YOUR GOAL: When the line containing "再販＊オビツ11サイズ＊レーヨンTシャツ" appears in the data below, begin copying there and stop only after the line containing "Virgil van Dijk".

EXTRACTED RECORDS:
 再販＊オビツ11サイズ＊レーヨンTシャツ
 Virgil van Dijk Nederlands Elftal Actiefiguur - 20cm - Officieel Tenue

...

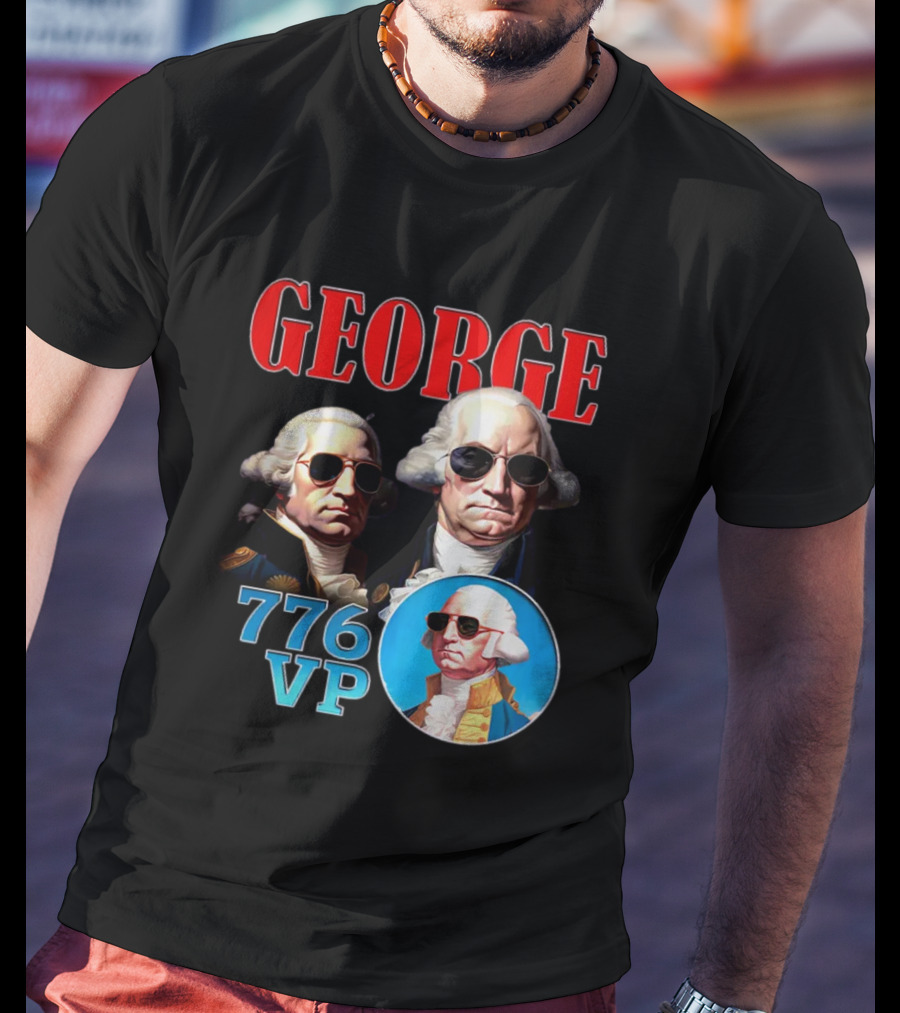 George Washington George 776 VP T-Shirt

SOLUTION BELOW:
 再販＊オビツ11サイズ＊レーヨンTシャツ
 Virgil van Dijk Nederlands Elftal Actiefiguur - 20cm - Officieel Tenue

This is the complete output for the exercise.